Bonds have an inverse relationship with the Fed's interest rate. When interest rates rise, bond prices fall. And when the interest rate is slashed, bond prices tend to rise.

How much is a $100 savings bond worth after 30 years? ›

How to get the most value from your savings bonds
Face ValuePurchase Amount30-Year Value (Purchased May 1990)
$50 Bond$100$207.36
$100 Bond$200$414.72
$500 Bond$400$1,036.80
$1,000 Bond$800$2,073.60

Should I buy Treasury bonds when interest rates are high? ›

Should I only buy bonds when interest rates are high? There are advantages to purchasing bonds after interest rates have risen. Along with generating a larger income stream, such bonds may be subject to less interest rate risk, as there may be a reduced chance of rates moving significantly higher from current levels.

What happens when my treasury bill matures? ›

When the bill matures, you are paid its face value. You can hold a bill until it matures or sell it before it matures.

Can Treasury bonds lose value? ›

Treasury bonds are considered safer than corporate bonds—you're practically guaranteed not to lose money—but there are other potential risks to be aware of. These stable investments aren't known for their high returns. Gains can be further diminished by inflation and changing interest rates.

Are treasury bills safer than CDs? ›

Treasury bills can be a good choice for those looking for a low-risk, fixed-rate investment that doesn't require setting money aside for as long as a CD might call for. However, you still run the risk of losing out on higher rates and returns if the market is on the upswing while your money is locked in.

Why am I losing money on Treasury bills? ›

T-bills pay a fixed rate of interest, which can provide a stable income. However, if interest rates rise, existing T-bills fall out of favor since their return is less than the market. T-bills have interest rate risk, which means there is a risk that existing bondholders might lose out on higher rates in the future.
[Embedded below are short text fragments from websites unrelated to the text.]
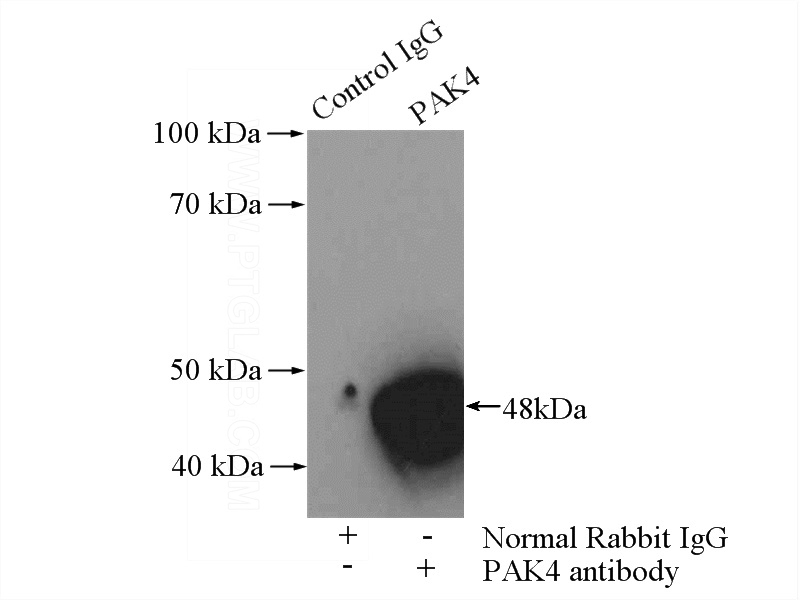 IP Result of anti-PAK4 (IP:Catalog No:113500, 4ug; Detection:Catalog No:113500 1:800) with mouse liver tissue lysate 4000ug.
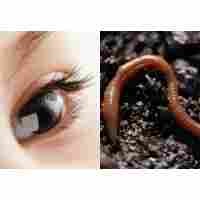 Bintik Aneh di Mata Selama 9 Bulan Tak Tahunya Cacing Giling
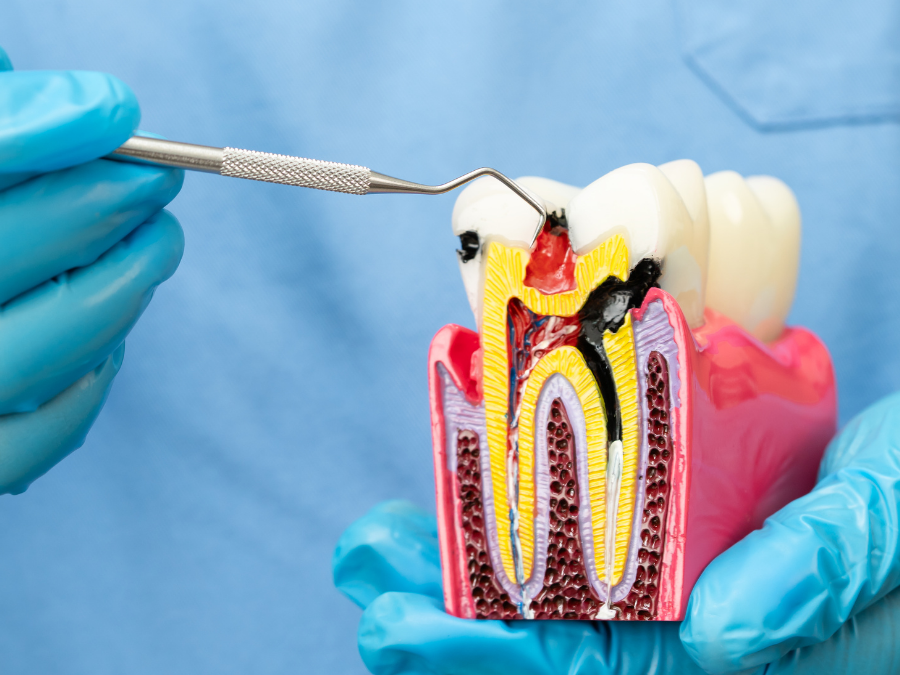 Cross-section tooth model showing infected root canal, held by a dentist in blue gloves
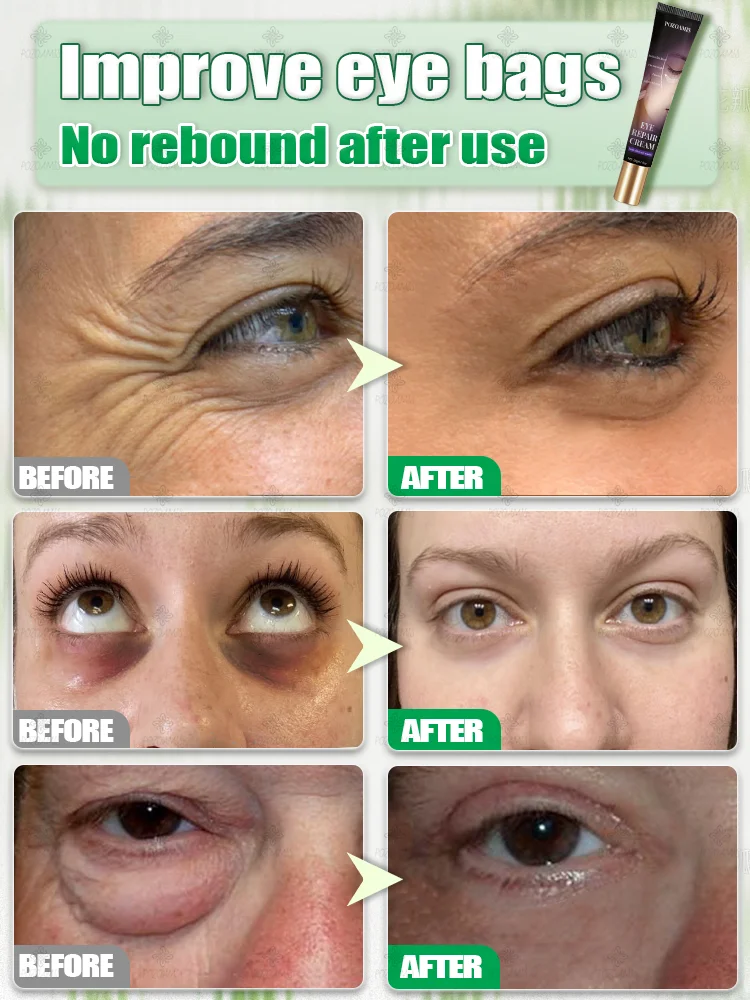 The best products of 2025,ᴵⁿˢᵗᵃⁿᵗˡʸ ʳᵉᵐᵒᵛᵉ ᵉʸᵉ ᵇᵃᵍˢ⸴ ʳᵉᵈᵘᶜᵉ ᶠⁱⁿᵉ ˡⁱⁿᵉˢ⸴ ᵗⁱᵍʰᵗᵉⁿ ˢᵏⁱⁿ⸴ ᶠⁱᵍʰᵗ ᵈᵃʳᵏ ᶜⁱʳᶜˡᵉˢ⸴ ᵃⁿᵈ ᵇʳⁱᵍʰᵗᵉⁿ ᵉʸᵉˢ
What is a better investment than Treasury bills? ›

Treasury bonds—also called T-bonds—are long-term debt obligations that mature in terms of 20 or 30 years. They're essentially the opposite of T-bills as they're the longest-term and typically the highest-yielding among T-bills, T-bonds, and Treasury notes.

How much does a $1000 T-bill cost? ›

To calculate the price, take 180 days and multiply by 1.5 to get 270. Then, divide by 360 to get 0.75, and subtract 100 minus 0.75. The answer is 99.25. Because you're buying a $1,000 Treasury bill instead of one for $100, multiply 99.25 by 10 to get the final price of $992.50.

How much will I make on a 3 month treasury bill? ›

3 Month Treasury Bill Rate is at 5.25%, compared to 5.25% the previous market day and 5.10% last year. This is higher than the long term average of 4.19%.

Should I buy Treasury bonds when interest rates rise? ›

Should I only buy bonds when interest rates are high? There are advantages to purchasing bonds after interest rates have risen. Along with generating a larger income stream, such bonds may be subject to less interest rate risk, as there may be a reduced chance of rates moving significantly higher from current levels.